# Why isn't SAT in coNP?

I understand why NP=coNP if SAT is in coNP (How do I prove that SAT in coNP implies NP=coNP?).

But I'm missing why the following machine doesn't turing recognize the complementary of SAT:

Given a turing machine M that recognizes SAT, the following turing machine recognizes coSAT:

1. Run M on the input word w.
2. If M accepts - reject.
3. If M rejects - accept.

Because coSAT is the language of all unsatisfiable formulas, a formula is unsatisfiable if it doesn't have a satisfiable interpretation, which is exactly the opposite of what M outputs.

What am I missing in here?

You are missing a major part of the definition of $$CoNP$$: you need a proof that your machine $$M$$ runs in nondeterministic polynomial time for all "yes" inputs. Because you have simply taken the NP SAT algorithm and flipped it, it runs in nondeterministic polynomial time for all "no" inputs. But we have no such guarantees for the "yes" inputs.

The real answer is, nobody knows that SAT isn't in $$CoNP$$. If we knew that, we would know that $$CoNP = NP$$, but this is still an open problem. So, nobody can point to a specific reason that you can't build a machine that decides the complement of SAT it nondeterministic polynomial time. It's just that nobody has been able to do it yet, or prove that it's impossible.
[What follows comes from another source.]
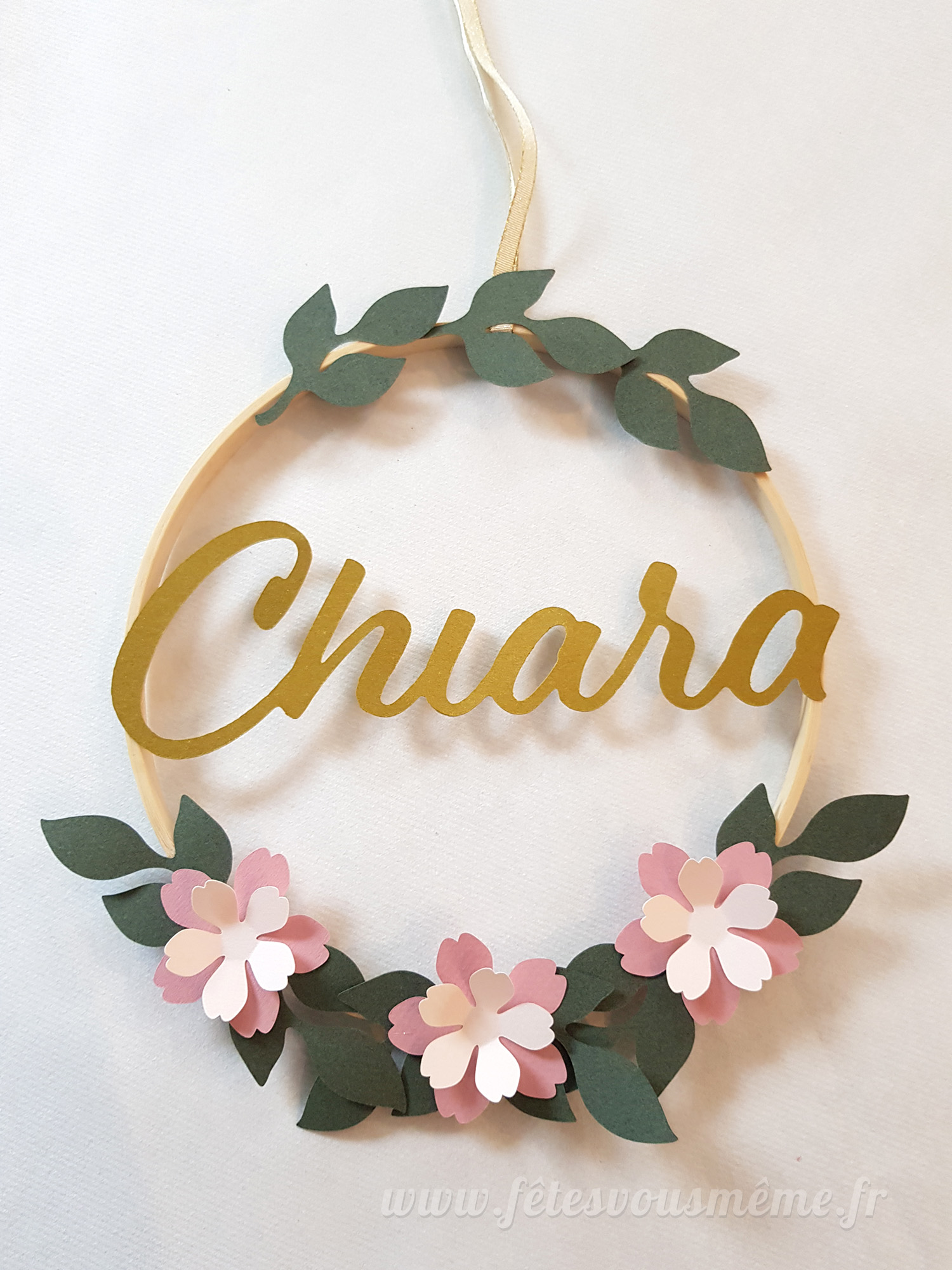 Couronne fleurs et prénom à personnaliser (modèle Chiara)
Always remember that for questions involving NP, instances with a "Yes" answer are treated totally different from instances with a "No" answer. Basically, a problem is in NP if any instance with a "Yes" answer can be proven to have the answer "Yes" in polynomial time, as long as we are able to make a fantastically lucky guess to help us. But instances with a "No" answer - no idea how to prove the answer is "No".
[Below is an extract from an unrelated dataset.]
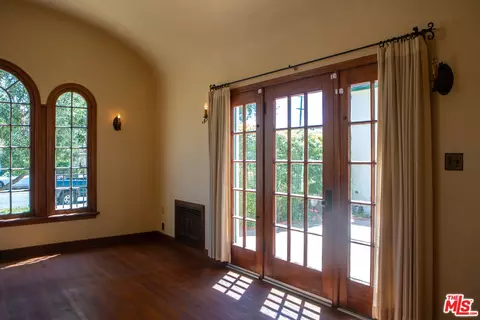 Living - 303 W Walnut Ave, Lompoc, CA 93436 photo 2 of 3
Your Turing machine solves SAT in the slow way, without using that lucky guess. For example, in exponential time by trying out all possible combinations of inputs for the SAT problem. And you're right, based on this Turing machine, we can build another one that solves the opposite of SAT in the exact same exponential time. But that doesn't prove that either is in NP or co-NP:

To be in NP, you'd need a Turing machine that doesn't just solve SAT in exponential time. You'd need one that starts by writing a fantastically lucky hint on the tape, and then using the hint and the SAT problem, finds out that the SAT instance can be solved, and all that in polynomial time - as long as the answer is Yes. If you just reuse this turing machine to solve co-SAT, it would find solutions quick if the answer to the original SAT problem is "Yes", and therefore the answer to the co-SAT problem is "No". But that doesn't help: We need a Turing machine that can solve co-SAT problems with the answer "Yes" or equivalent, SAT problems with the answer "No", and we don't have that.

So far as we know, NP and co-NP are separate complexity classes under Karp reduction, aka many-one polynomial-time reduction. Your procedure is a Turing reduction, not a Karp reduction. Turing reductions are too powerful for NP and co-NP to be separate classes under them.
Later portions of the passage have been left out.